Your output should be exactly the lines from the one containing "REDTIGER F17 4K" through the last line of the listing, and nothing else. Pictures stay out.

DATASET EXTRACT ::
________________________________________
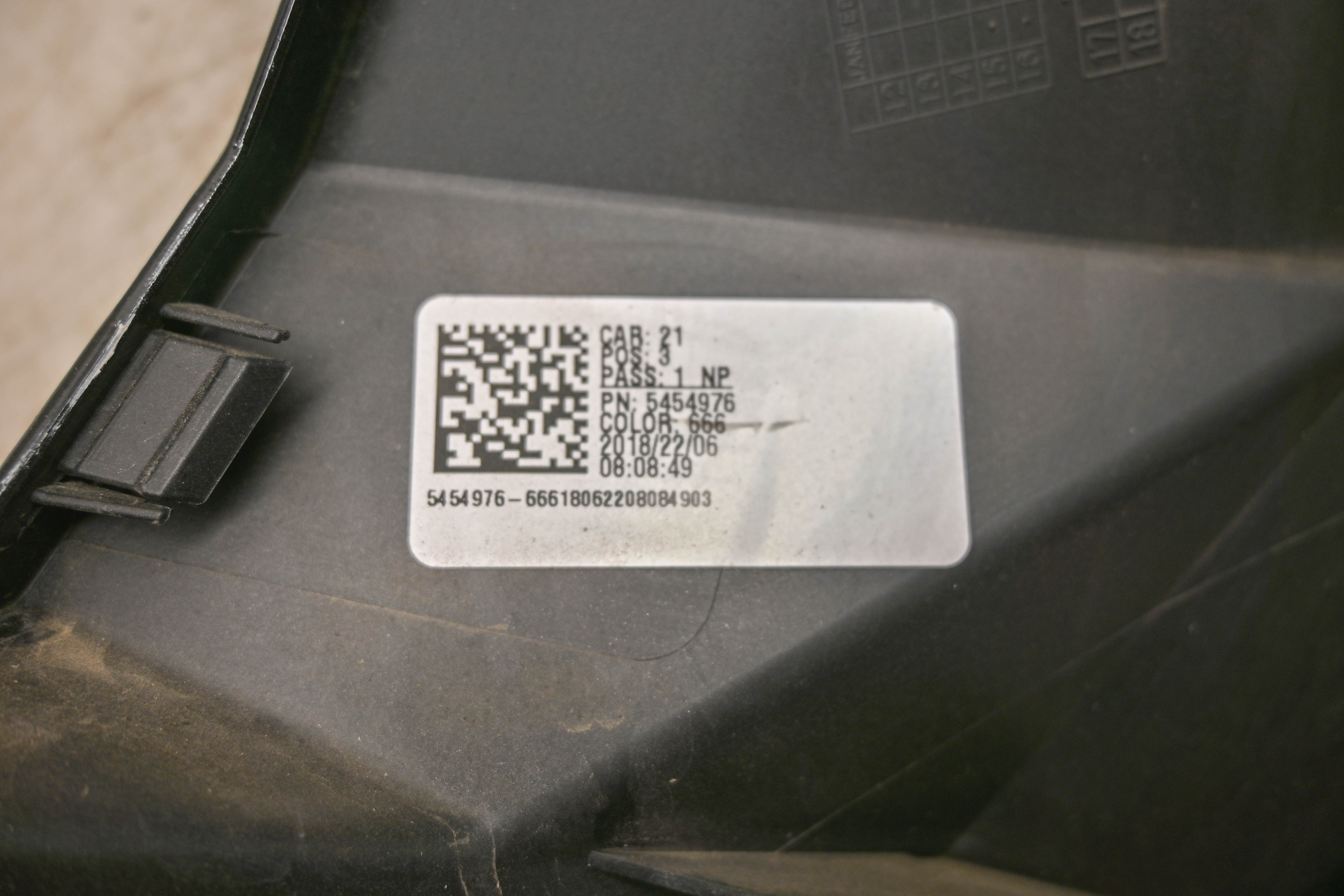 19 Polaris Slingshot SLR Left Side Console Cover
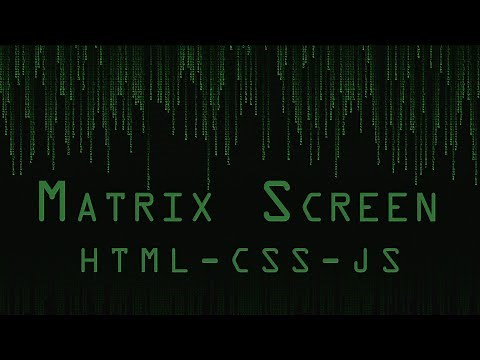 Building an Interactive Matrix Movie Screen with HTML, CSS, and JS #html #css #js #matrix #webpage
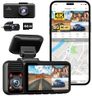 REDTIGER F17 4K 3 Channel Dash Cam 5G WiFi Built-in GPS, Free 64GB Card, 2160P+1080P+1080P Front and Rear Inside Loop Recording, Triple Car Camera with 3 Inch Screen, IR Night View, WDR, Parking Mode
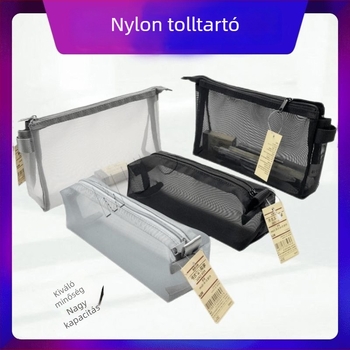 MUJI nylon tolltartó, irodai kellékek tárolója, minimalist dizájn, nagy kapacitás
________________________________________
THE COMPLETED TASK ::
 REDTIGER F17 4K 3 Channel Dash Cam 5G WiFi Built-in GPS, Free 64GB Card, 2160P+1080P+1080P Front and Rear Inside Loop Recording, Triple Car Camera with 3 Inch Screen, IR Night View, WDR, Parking Mode
 MUJI nylon tolltartó, irodai kellékek tárolója, minimalist dizájn, nagy kapacitás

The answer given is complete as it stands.